Arizona Association of Providers for Persons with Disabilities v. State of Arizona – 4/30/2009
Arizona Court of Appeals Division One Holds That Department of Economic Security Decision To Reduce Rates Paid to Service Providers and Suspend Certain Services for Developmentally Disabled Individuals Did Not Violate State or Federal Law.
After the Arizona legislature required significant budget cuts in early 2009, the Arizona Department of Economic Security (“DES”) suspended certain services and reduced by ten percent the rate it pays to providers of other services that DES provides to developmentally disabled individuals. DES did not suspend any services provided pursuant to the federal Medicaid program but did reduce rates paid to providers of some of those services. A group of providers and individuals who receive services filed suit seeking temporary and permanent injunctive relief on the basis that the rate cuts and service suspensions violated state and federal law. After an expedited hearing, the superior court issued a preliminary injunction prohibiting the State from enforcing the suspensions of services or the rate cuts. The State appealed the grant of the preliminary injunction.
In a unanimous Per Curiam opinion, the Court reversed the superior court, holding that the plaintiffs “failed to present substantial evidence to support the proposition that by imposing the service suspensions and the rate reductions, the State at this time has violated or is likely to violate state or federal law.” First, the Court disposed of the State’s various jurisdictional arguments, concluding that (1) all but one of the plaintiffs had standing to seek relief; (2) the plaintiffs were not required to exhaust administrative remedies in this case; and, (3) the court had the power to review the legality of DES’s budget reduction decisions.
Second, the Court held that, although the rate reductions and service suspensions threatened great hardship on the plaintiffs, the budget decisions did not violate state law. The Court explained that individuals receiving services pursuant to an “Individual Support Plan” are not legally entitled to those services if the state has not appropriated sufficient funds. Furthermore, the Court reasoned that the rate reductions complied with state law because the laws dictating a process for rate structures did not apply to one-time, emergency fiscal adjustments. Finally, the Court was not convinced that the legislature improperly delegated to DES the duty of choosing specific cuts; the legislature was within its power to direct each agency to choose how a specific budget reduction would be allocated.

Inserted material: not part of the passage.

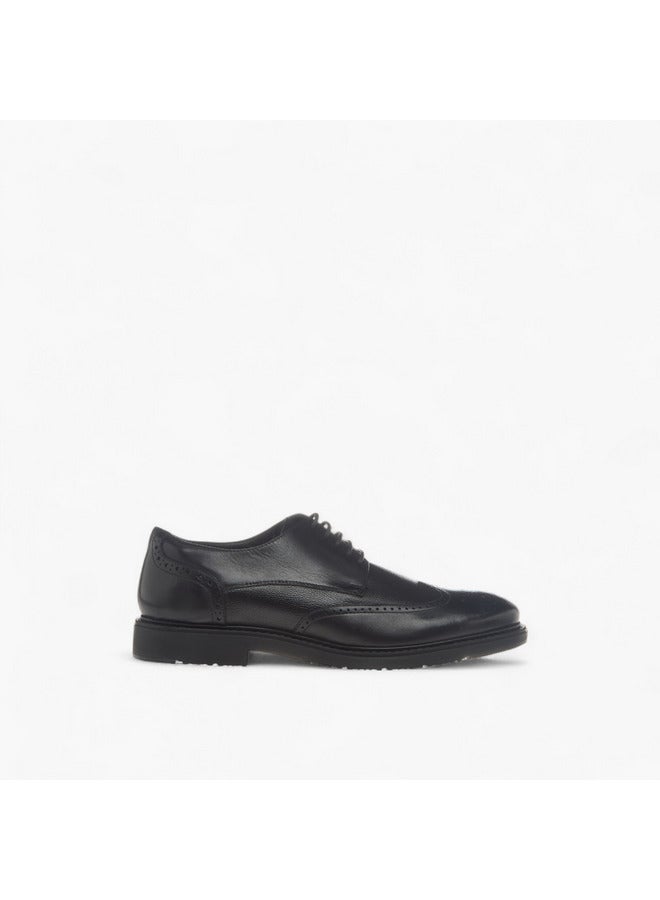 DUCHINI Men's Textured Derby Shoes with Lace-Up Closure  - Image 3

Third, the Court held that the plaintiffs failed to demonstrate a likely violation of federal law. Many Plaintiff-Providers offered both state-only services and Medicaid-based services. The plaintiffs argued that the combination of service suspensions and the ten-percent rate cut would impair the ability of those providers to continue offering sufficient Medicaid services, thus likely causing a violation of Arizona’s obligation under federal law to ensure qualified individuals receive Medicaid services. The Court disagreed, holding that there was not substantial evidence to show that the network of providers would fail to provide sufficient Medicaid services, or that the state would fail to provide out-of-network services in the event the network was insufficient. Therefore, the Court found that the rate reductions and service suspensions should not have been preliminarily enjoined. The Court admonished the State, however, that if evidence came to light that the budget cuts in fact did impair the existing network of Medicaid providers, and the state fails to ensure out-of-network services, the plaintiffs could return to court with the new evidence.
Judges Johnsen, Winthrop, and Norris concurred in the Per Curiam opinion.